Another exception related to these contracts is regulated with regards to the subject matter of the contracts. According to this regulation:

  • Touristic Accommodation: As of January 30, 2021; Real estate lease agreements related to the lease of accommodation facilities certified by the Ministry of Culture and Tourism, and accommodation service agreements, as well as real estate lease agreements related to the lease of duty-free shops, can also be concluded with foreign currency/foreign currency index.
  • Foreign Employment Contracts: In case the employment contract is to be performed abroad, it is possible to sign the contract denominated in foreign currency/foreign currency index. Similarly, employment contracts where seafarers are party to can also be denominated in foreign currency/foreign currency index.
  • Export Contracts: In service contracts made within the scope of export, transit trade, sales and deliveries considered as export, and foreign exchange earning services and activities, the contract price can be determined in foreign currency/foreign currency index.

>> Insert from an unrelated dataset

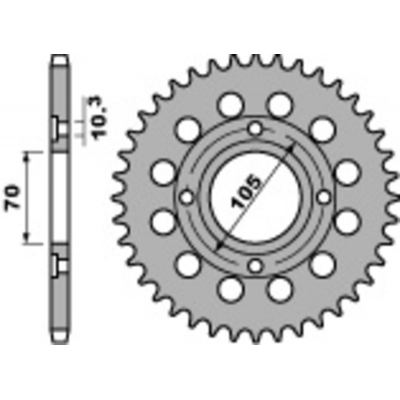 PBR Steel Standard Front Sprocket 278 - 530 278.18.18NC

Similarly, service contracts made within the scope of activities to be carried out abroad by individuals, even if they are resident in Turkey, are also within the scope of the exception to the ban.
  • Service Contracts Starting or Ending Abroad: Service contracts that are concluded between persons resident in Turkey and that start in Turkey and end abroad, start abroad and end in Turkey, or start and end abroad are also within the exception. In other words, if the service subject to the contract is performed abroad, even partially, these contracts are exempt from the ban. 
  • Transportation Contracts: According to the law, it is possible to use fuel price indexing in transportation service contracts.
  • Currency-Costed Work/Construction Contracts (e.g., construction): “In work contracts which involve costs in foreign currency, it is possible to determine the contract price and other payment obligations arising from these contracts in foreign currency or indexed to foreign currency.
  • Foreign Source Software Contracts: It is possible for residents in Turkey to determine payment obligations in foreign currency or indexed to foreign currency in sales contracts related to software produced abroad within the scope of information technologies, as well as license and service contracts related to hardware and software produced abroad that they will conclude among themselves.
  • Movable Lease and Sales Contracts: With the exception introduced by the Ministry, it was possible for contracts related to movable property sales and leases of residents in Turkey to determine their payment obligations in foreign currency/foreign currency indexed during the initial period of the decision. However, with the regulation introduced as of 19.04.2022, it has become mandatory to fulfill and accept the payment obligations in Turkish currency; but only for “movable sales contracts.” At this point, one of the issues that companies have difficulty acting on and creates a dilemma is whether all existing invoice equivalents or negotiable instruments in movable sales contracts will be paid in Turkish currency or not. For this reason, the Ministry announced on April 21, 2022, through its press release, that there is no need to perform the equivalents of invoices issued before April 19, 2022, and payments made in foreign currency for negotiable instruments in Turkish lira.
  • No Turkish Lira Obligation for Movable Rental Contracts: At this point, there has been no explicit regulation regarding the performance of payment obligations in Turkish lira for movable lease contracts, unlike sales contracts. Therefore, we acknowledge that the foreign currency/foreign currency indexed amounts agreed upon in movable lease contracts can still be performed in foreign currency.
  • Vehicle Lease and Sales Contracts: Additionally, we would like to remind that the exception introduced by the Ministry does not include vehicle lease and sales contracts, despite their movable nature. Therefore, it is not possible under any circumstances to determine the payment obligations in foreign currency/foreign currency indexed for these contracts.
  • Leasing Contracts: Another exception is related to financial leasing agreements; as of January 2018, although it is entirely prohibited for residents of Turkey to obtain foreign currency-indexed loans, it is possible for residents of Turkey to use foreign currency loans from abroad or within Turkey in certain exceptional cases, even if they do not have foreign currency income. Within the scope of these exceptional cases, the fees for financial leasing contracts can be determined in foreign currency. Besides, in financial leasing (leasing) contracts related to ships defined in the Turkish International Ship Registry Law No. 4490 and the Law Amending the Decree Law No. 491, the contract price and other payment obligations arising from these contracts may be determined in foreign currency or indexed to foreign currency.
  1. Certain contracts that involve public institutions or “TSK Güçlendirme Vakfı” companies: Within the scope of the exception brought by the Ministry, regardless of the case; within the performance of tenders, contracts, and international agreements, including projects to be carried out where public institutions are involved as parties in currency/currency-indexed, it is possible to determine the contract price and other payment obligations arising from these contracts in foreign currency or indexed to foreign currency in the contracts to be concluded by the contractors or the parties who signed the contract and their third parties within the framework of these mentioned projects (except for real estate sales contracts and employment contracts).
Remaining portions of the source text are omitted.